### Given material ###

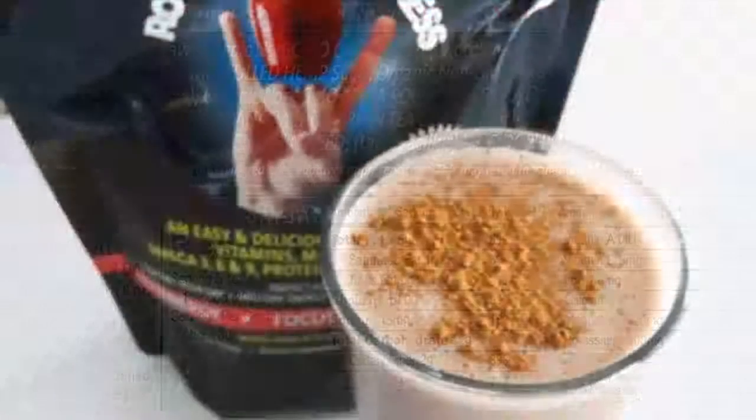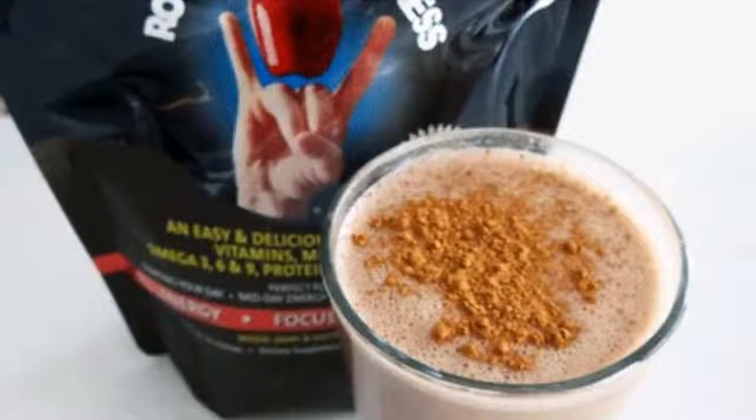Rockin' Wellness Total Body Nutrition Shake is about supporting the body systems as a whole. Ingredients consist of:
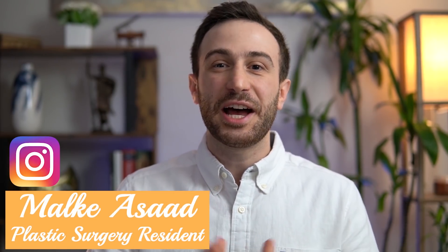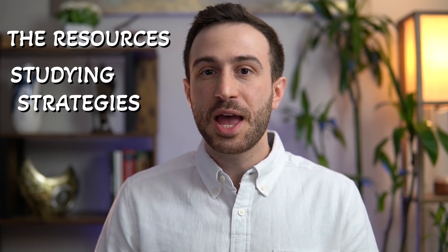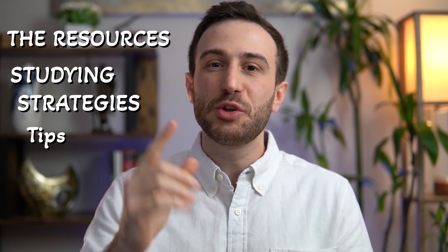Hey friends, this is Malky Asad and welcome to this special video on my Step 1 experience in which I got 271. In this video, I'm going to share with you the resources I used to prepare for this exam, some studying strategies, and some tips to keep in mind when you're preparing for your exam. So let's get rolling.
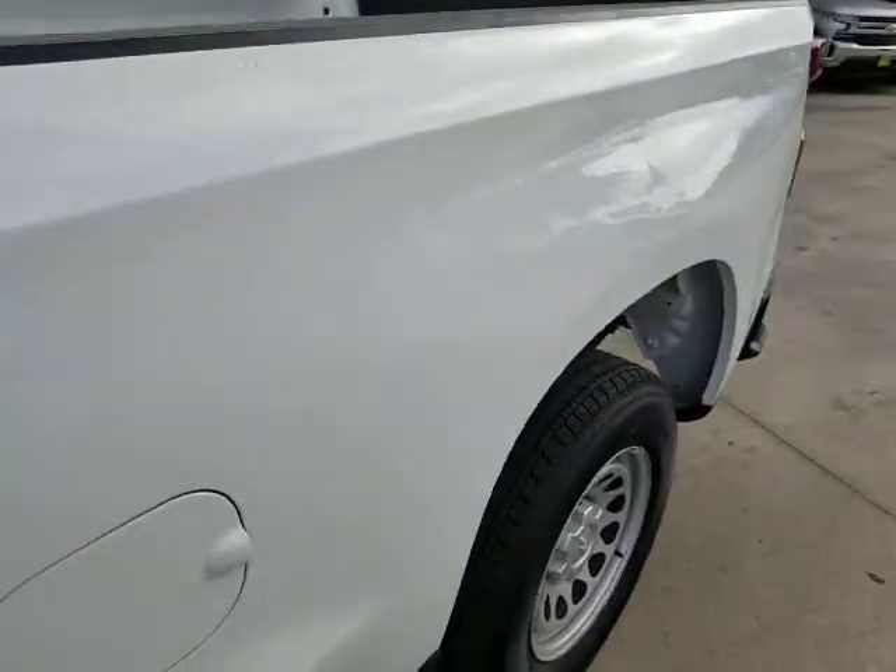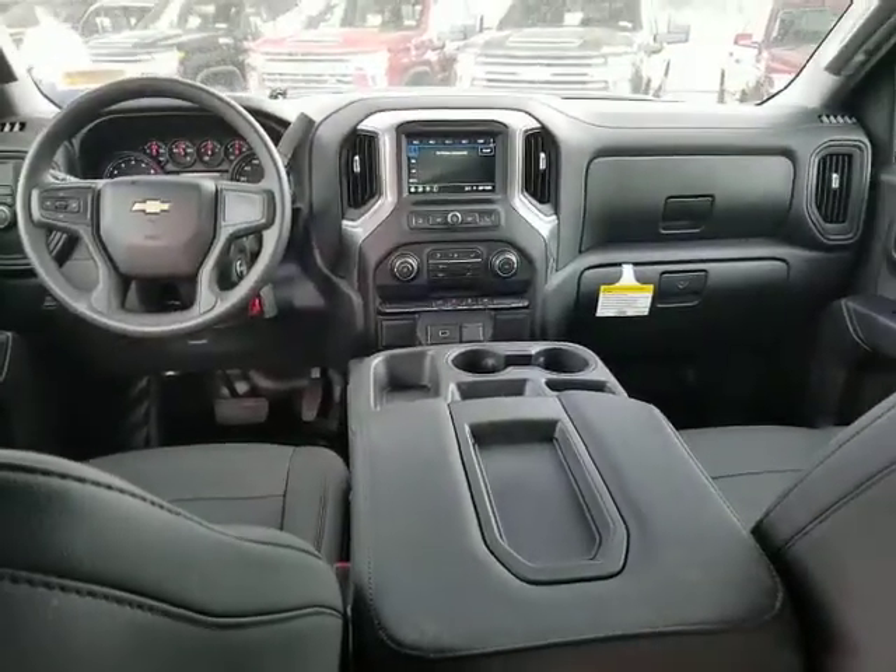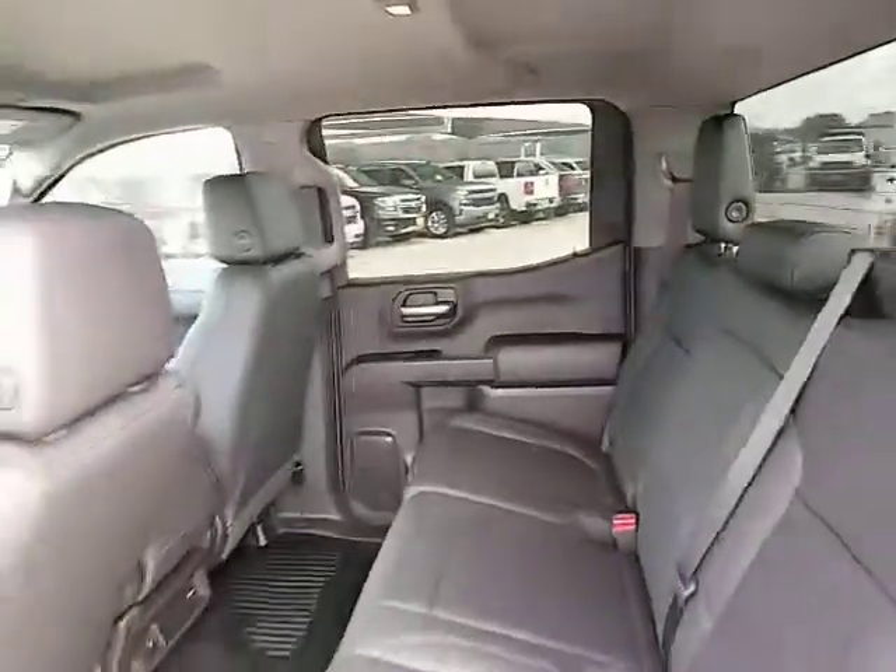Passenger airbag, MP3 player, power door locks, daytime running lights, auxiliary audio input, rear head airbag, power outlet, steel wheels. Is love at first sight really possible? Let us know when you stop in.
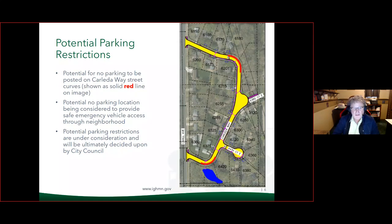We met with public safety and had internal staff review of Carlita Way. We want to note that there is a potential for no parking on Carlita Way. The parking restriction is just being considered to provide safe emergency vehicle access in and out of the neighborhood due to the sharp corners at the north and south entrances off of Cahill. These are just potential parking restrictions under consideration — we're looking for resident feedback to bring back to council, and council would be the ultimate decision maker based on staff and resident feedback.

###

→ What the task asks:
Look through the listing above for the line with "Hey friends, this" and the line with "Passenger airbag, MP3". Write out exactly those lines and everything between, leaving out pictures.

→ Task result:
Hey friends, this is Malky Asad and welcome to this special video on my Step 1 experience in which I got 271. In this video, I'm going to share with you the resources I used to prepare for this exam, some studying strategies, and some tips to keep in mind when you're preparing for your exam. So let's get rolling.
Passenger airbag, MP3 player, power door locks, daytime running lights, auxiliary audio input, rear head airbag, power outlet, steel wheels. Is love at first sight really possible? Let us know when you stop in.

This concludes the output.